Tuesday, July 15, 2008

CHIMPS OR WIMPS

On the Slate site, Troy Patterson has an interesting – though not the definitive – take on Ed Burns’s “Generation Kill”.

The film is “too skeptical about authority to entertain neocons or red-meat nationalists and too depressing to delight a good liberal”. That may be a judgment on its marketability, and on its utility or the lack of it inregard to current political strategies, but it doesn’t grasp the larger import of the film.

But it’s worth a bit on its own. The film captures the Viking atmosphere of ‘boys’ at war. Of course, in that regard it’s as depressing as those queasy scenes in “Battlestar Galactica” where – in some sort of ideal alternative universe – male and female fighter pilots of the same age live in coed bunkrooms, the women equally as chimpish and loud and profane as the males - except, of course, when suddenly they are ‘feminine’.

Not to blame the scriptwriters; current cultural dogma as to the role of women in mixed-gender settings – and not just the gauzy world of college dorms but the brutal gruelling grind of constant combat - is … ummmm … mixed. In our modern American reality you can wind up in trouble for saying that women can bring an element of civilization to the combat milieu and you can wind up in trouble for saying that they are just the same as ‘men’. If you’re in the military, I imagine you can lose a career in less than an afternoon. Perhaps why one of the most essential career skills in the military nowadays is to be able to keep a straight face and talk about the weather. The situation is – frankly – soviet, a reality that did not die with Stalin or with the USSR itself but – in best science fiction form – has migrated.

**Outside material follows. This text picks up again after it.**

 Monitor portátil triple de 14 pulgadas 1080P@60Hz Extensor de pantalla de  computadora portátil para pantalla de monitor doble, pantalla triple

The young males in this particular film’s unit – and they are all males – operate at that simultaneously winsome and repulsive level as any conflicted teens, though under the galvanizing and corrosive effect of sudden combat and the constant threat of it these highly-trained (but not matured) boyos start to shade over into the berserker, though here and there this or that one tries to get some traction for sanity with humor or insight or even a little philosophy.

The Service can train you, combat can harden you (or break you) but the Pentagon pays nobody to mature you. Nor, surely, can we expect Fundamentalist ‘witnessing’ and exhortations according to the stylings of the Book of Revelation to raise up the maturity of these youngsters. Put under this type of stress they start to cling wayyy to tightly to their Inner Chimp. And it shows.

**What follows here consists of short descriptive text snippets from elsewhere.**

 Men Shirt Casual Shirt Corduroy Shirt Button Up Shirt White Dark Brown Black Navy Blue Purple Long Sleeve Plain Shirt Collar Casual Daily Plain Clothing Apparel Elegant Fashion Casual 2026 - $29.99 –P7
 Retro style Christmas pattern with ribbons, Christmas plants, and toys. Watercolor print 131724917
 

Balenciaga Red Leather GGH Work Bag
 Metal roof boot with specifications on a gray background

It’s painful to watch. And that’s good. For Us. We need to see this. We need to see what they are going through, the profound dangers not only physical and ‘military’, and not only psychological, but characterological and even spiritual. Because if you clutch that Inner Chimp too long, and under too much pressure, it might be hard to let go – like those troops brought off the beach at Dunkirk, so deeply shocked that they cannot let go of their rifles even when the boat delivers them to a wharf in Old Blighty. Only this is worse. You can pry the physical muscles loose; not so the heart and the character and the spirit.

And Fourth Generation War (4GW as it’s called in the think-tanks) where there is no ‘front’ and no ‘rear’ where you can reasonably expect either combat or rest, and where the ‘enemy’ could be anybody not in your uniform, whether man or woman or child … in that type of situation, for weeks and months without significant relief, with no end in sight and every possibility that your glorious government will go back on its word and postpone your rotation home or even postpone the end of your enlistment, you are under monstrous pressures. How surprising can it be that the troops might discern as did Mark Twain: it was no place for a mature man, and I did not remain one very long …? No place for a decent man, and … the variations are numerous, and deeply disturbing.

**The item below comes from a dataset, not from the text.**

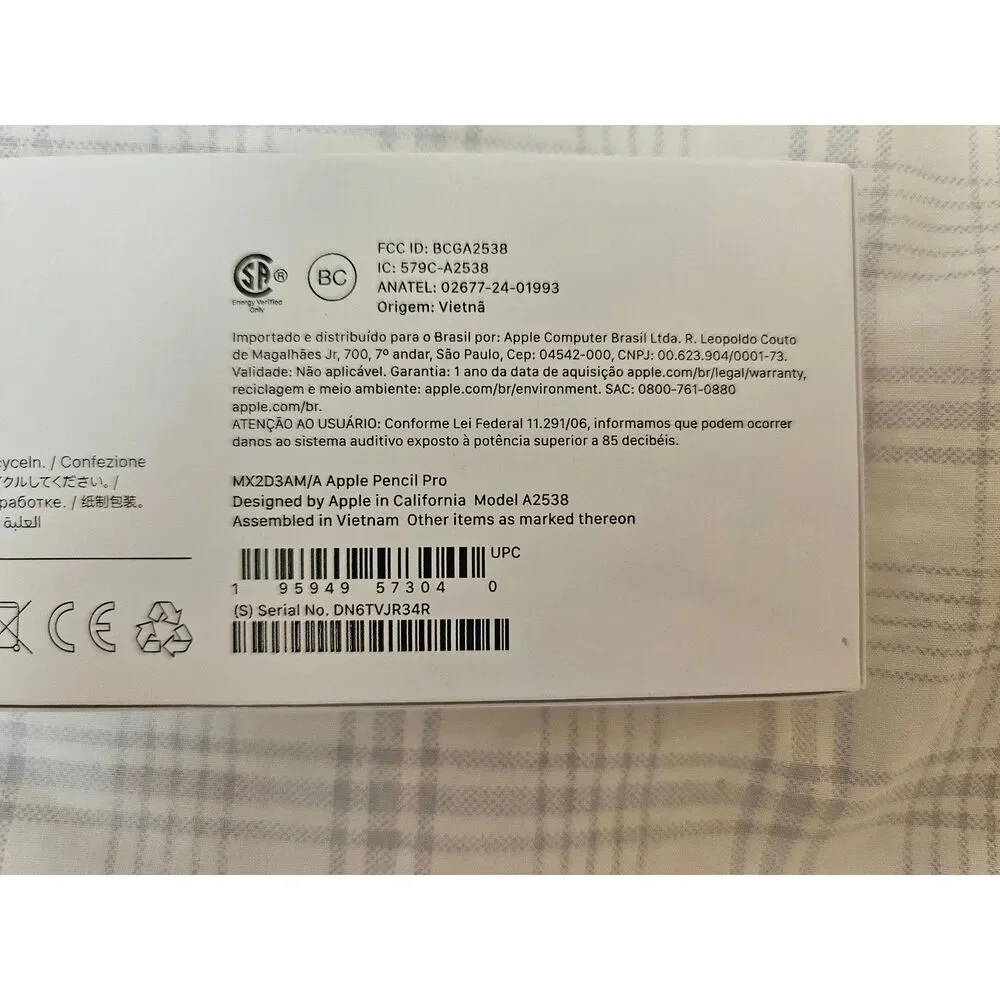 Apple Pencil Pro, White MX2D3AM/A NEW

Disturbing not because they are failing Us but because We are failing them. We failed to exercise mastery of Ourselves and so those whom We placed over the soldiers in positions of large authority were able to deploy them like pawns and plastic figures in a world far more complex than were contained in the Beltway’s dreams of easy imperium and quick-fixes.

We put wimps over the chimps. No, that’s too easy. The ‘chimp’ part, certainly, is too simplistic. And ‘wimps’ doesn’t begin to cover the numerous failings of those who surfed Our collective imbecilities to achieve large (‘great’ says too much) power. And who, as the light of power begins to fade, are looking to surf themselves to safety and – more! – continued status and influence, free from the consequences of their treacheries.

Strenuous liberty requires, by definition, strenuous maturity. And – at this point – strenuous prayer. Authentic and soul-fueled prayer. For Ourselves as well as for all of them over there.

Over there.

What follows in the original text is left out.